Yes. In fact, all students can vote in this election
Can both doctoral and taught postgraduate students stand in the Postgraduate Officer election?
Yes. Doctoral students and taught postgraduates (PGTs) are both able to stand. However, undergraduate students may not stand. However, doctoral students and PGT students can stand for the other roles as well!
Postgraduates wanting to stand should meet with their Director of Studies and get their approval using the ‘Consent for students intending to take a year out of their studies’ form. Undergraduates also have to do this to stand as SU Officers, so it should not be seen as problematic. This meeting would include discussion of your funder’s requirements, and other important issues.
As a standard procedure, the University’s Board of Studies and Senate need to approve all appointments, including SU Officers, after the elections. This has also been the case for undergraduate SU Officers for many years without problems being raised by the committees.
Will I be able to suspend my registration if I’m elected?
Yes, almost certainly, as long as funding or other exceptional circumstances do not cause problems. This would be covered in advance in your meeting with your Director of Studies.
Is the University happy for postgraduates to take time out to be an officer?
Yes. The University enthusiastically supports a postgraduate Officer and the election, and is working to ensure that postgraduates can stand and serve as Officers.
I’m a visiting student at the University of Bath, and the rest of study has been at another university. Can I take part in the election?

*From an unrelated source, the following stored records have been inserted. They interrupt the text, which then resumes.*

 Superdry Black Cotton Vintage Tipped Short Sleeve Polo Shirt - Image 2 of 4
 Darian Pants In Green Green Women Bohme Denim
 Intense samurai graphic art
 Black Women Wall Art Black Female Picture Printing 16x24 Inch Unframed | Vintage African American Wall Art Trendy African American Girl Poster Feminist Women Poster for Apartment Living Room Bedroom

Yes. Visiting students are registered at the University of Bath during their time here, so can vote and stand in the election.

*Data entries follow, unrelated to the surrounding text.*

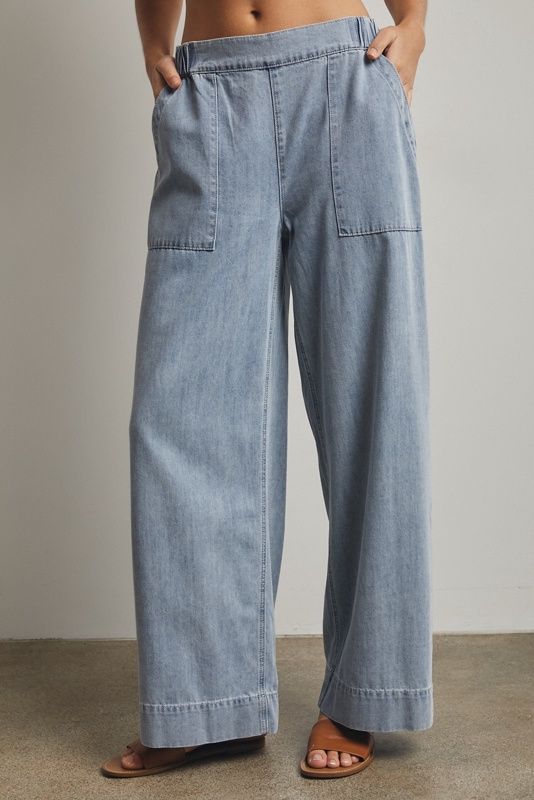 Wide Leg Denim Pants with Pockets, Size: Small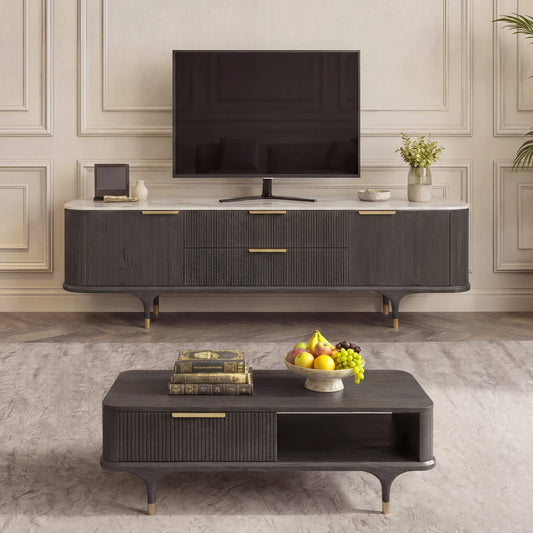 TV Stand with Sintered Stone and Oak Finish, 79 Inches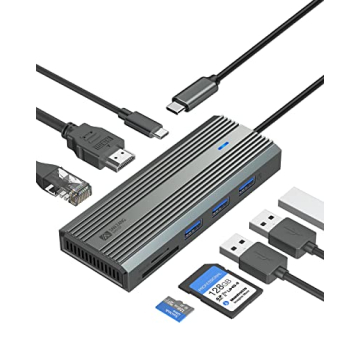 USB C Hub, SANZANG 8 in 1 USB-C Docking Station to HDMI Adapter, 4K@60Hz HDMI, 1Gbps Ethernet,100W Pass-Through Charging, SD/TF Card Slot,5Gbps 3.0 High Speed for MacBook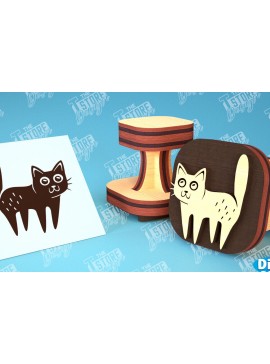 Σετ των 2 Intra απο ξύλο plywood 3mm-4mm πάχος Σφραγίδα γάτας | Παιδικό Σχέδιο | CNC Δίασταση 30x20 cm INTRAFABR-99549619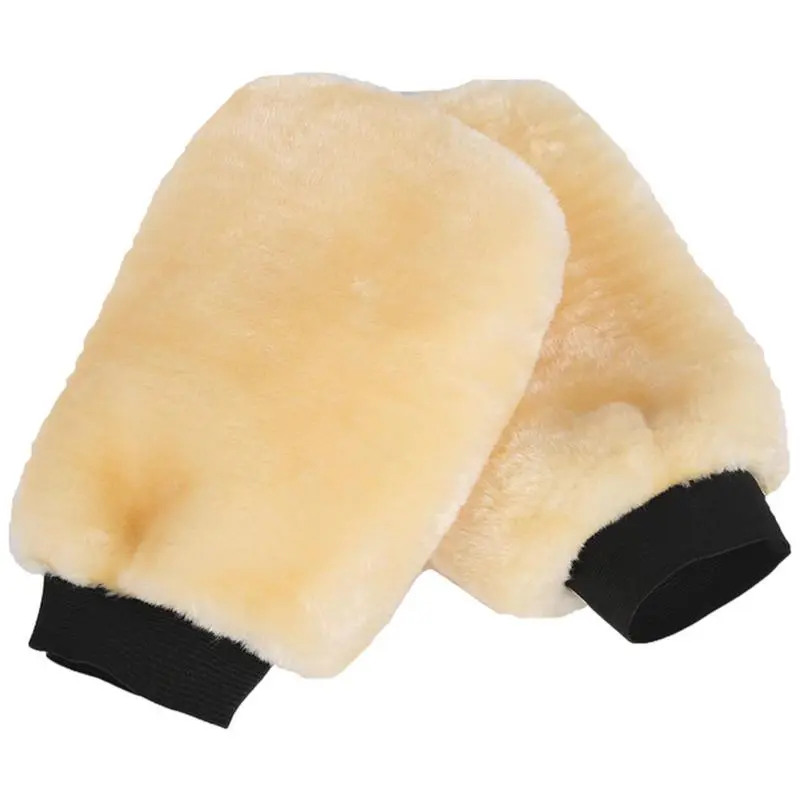 Wool Car Wash Glove Double Sided Vehicle Artificial Wool Mitt Thickened Professional Polishing Car Automotive Washing Supplies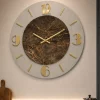 Orologi Da Parete Moderni-Selezionato da Mazzolaluce Grande orologio rotondo da parete effetto marmo dettagli oro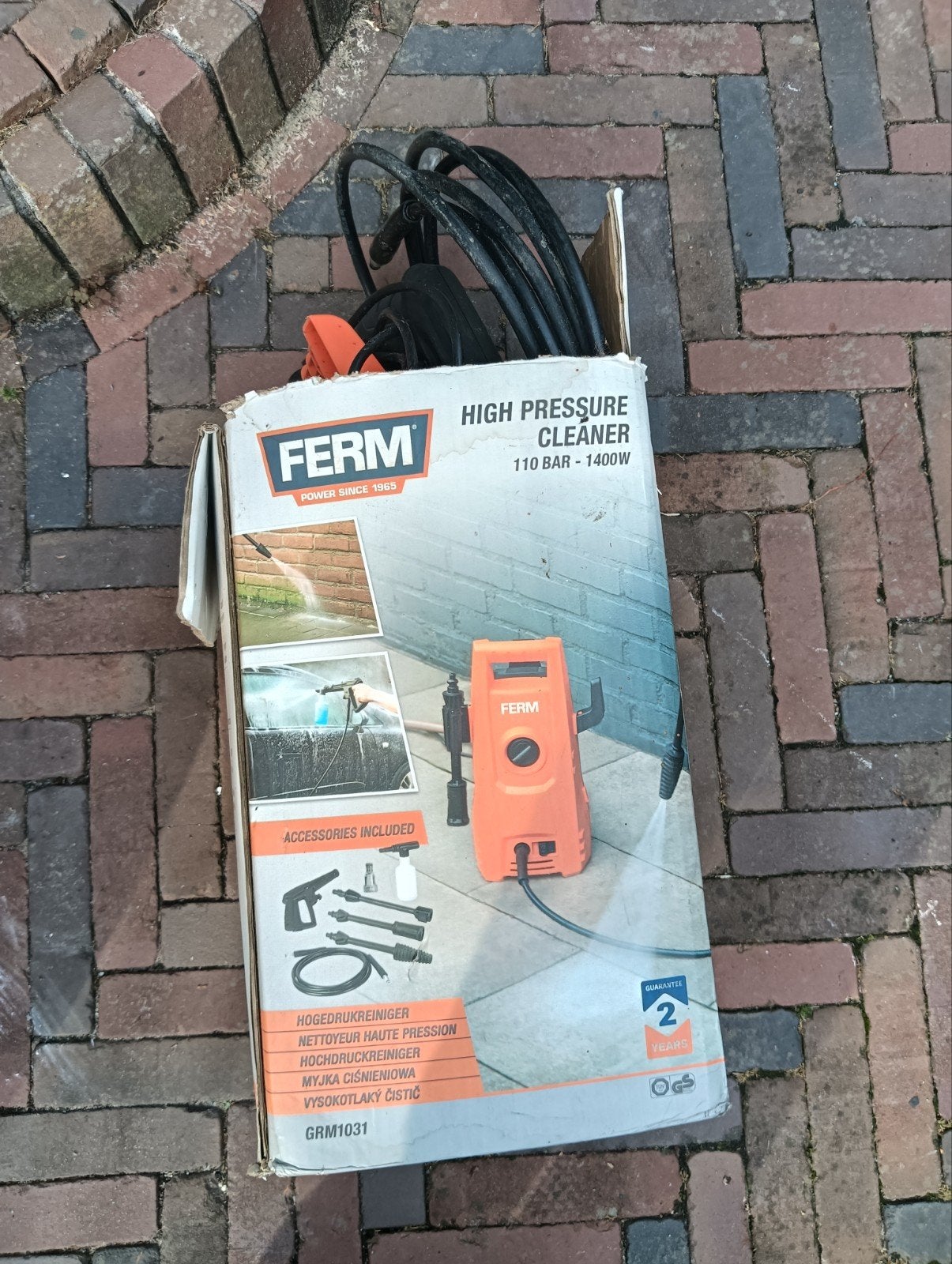 Ferm Hogedrukreiniger 110 bar - 1400W (GRM1031), Ophalen, Zo goed als nieuw, Elektrisch, Ferm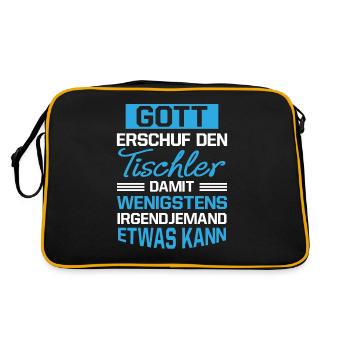 Gott Erschuf Tischler Handwerker Geschenk - Retro Tasche - Schwarz/Gold - Hinten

I’m a doctoral student in a Doctoral Training Partnership/ Doctoral Training Centre/ Centre for Doctoral Training. I spent time at several different universities while doing my research – can I take part in the election?
Yes, doctoral students in Doctoral Training Partnership/ Doctoral Training Centre/ Centre for Doctoral Training are counted as visiting students. So you would be able to vote, but if you stood as a candidate you would need to discuss with your university of origin about arrangements for taking a sabbatical year.
I’m a doctoral student funded by a university studentship. Will I be able to take a break in my funding in order to serve as an Officer?
This shouldn’t be a problem. The University supports the postgraduate Officers and is happy to consider breaks in funding for research postgraduates who are elected.
I’m a doctoral student funded by a research council. Will I be able to take a break in my funding?
This may be possible but you will need to discuss your position with your research council or agency funding you and with your Director of Studies before standing. The SU can provide advice, support and guidance in these matters.
I’m a doctoral student funded by industry, overseas government, charity or other funder. Will I be able to take a break in my funding?
This may be possible but you will need to discuss your position with your funder and with your Director of Studies before standing.
We recommend you do the following steps:
1. Read more
This site has a lot of useful information ranging from full job descriptions, ex-Officer experiences, previous manifestos to the process of running for Officer. (The Candidate Information Pack is essential reading once you have decided to run.)
2. Talk to someone
Find out more about the role. You can talk in confidence to any of the existing SU Officers, or a member of staff.
3. Attend the training sessions for prospective candidates
You can find the training dates and times here.
4. Nominate yourself
Nominations Period: Now open until 12:00 20 February 2023. See more here.
5. Plan your campaign
You must attend the compulsory candidate meetings and briefing sessions and look at the elections timetable. See both here.
There will also be a Candidates' Debate for each post, when other students will be able to see the candidates and hear what they have to say. These will be available to view online.